If you liked Andrea Levy's The Long Song...
...here’s another couple of novels that deal with the theme of emancipated slaves, their struggle for identity and equality, and the wider effects of Abolition...
Cambridge by Caryl Phillips
A powerful and haunting novel set in that uneasy time between the abolition of the slave trade and the emancipation of the slaves. It is the story of Emily Cambridge, a morally-blind, genteel young woman sent from England to visit her father's West Indian plantation, and Cambridge, a devoutly Christian plantation slave, educated by his first master in England and now struggling to maintain his dignity, and whose sense of justice is both profound and self-destructive.

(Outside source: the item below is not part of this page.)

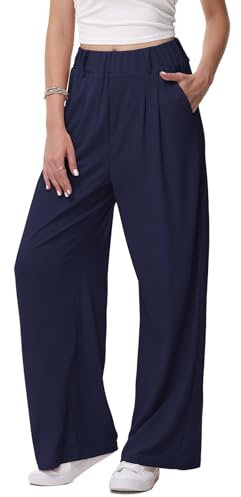HMIYA Weite Hosen Damen-Lässig Locker Stoffhose Leichte Palazzo Hose Hohe Taille Dünne Herbst Hosen mit Tasche,Navy,L/34L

Two worlds, connected by the insult of slavery, are explored: the Caribbean plantation hierarchy in its every shade of prejudice; and England, at a time when the abolition of slavery was official, but London ‘bird and beast shops’ still sold African children like pets. It is a shocking and unforgettable account of inhumanity—of a self-pronounced Christian nation resistant to black religious conversion because all people might suddenly recognise that they were equal under God.
The Longest Memory by Fred D’Aguiar
Set on an eighteenth-century Virginia plantation, this is the tragic story of a rebellious, fiercely intelligent young slave who breaks all the rules and his father, who inadvertently betrays him. The young slave’s love for a white girl, the daughter of his owner; who quenches his forbidden thirst for learning and his painful relationship with his father are unforgettably drawn in this astonishingly lyrical work.
The novel won both the David Higham Prize for Fiction and the Whitbread First Novel Award. It was adapted for television and televised by Channel 4.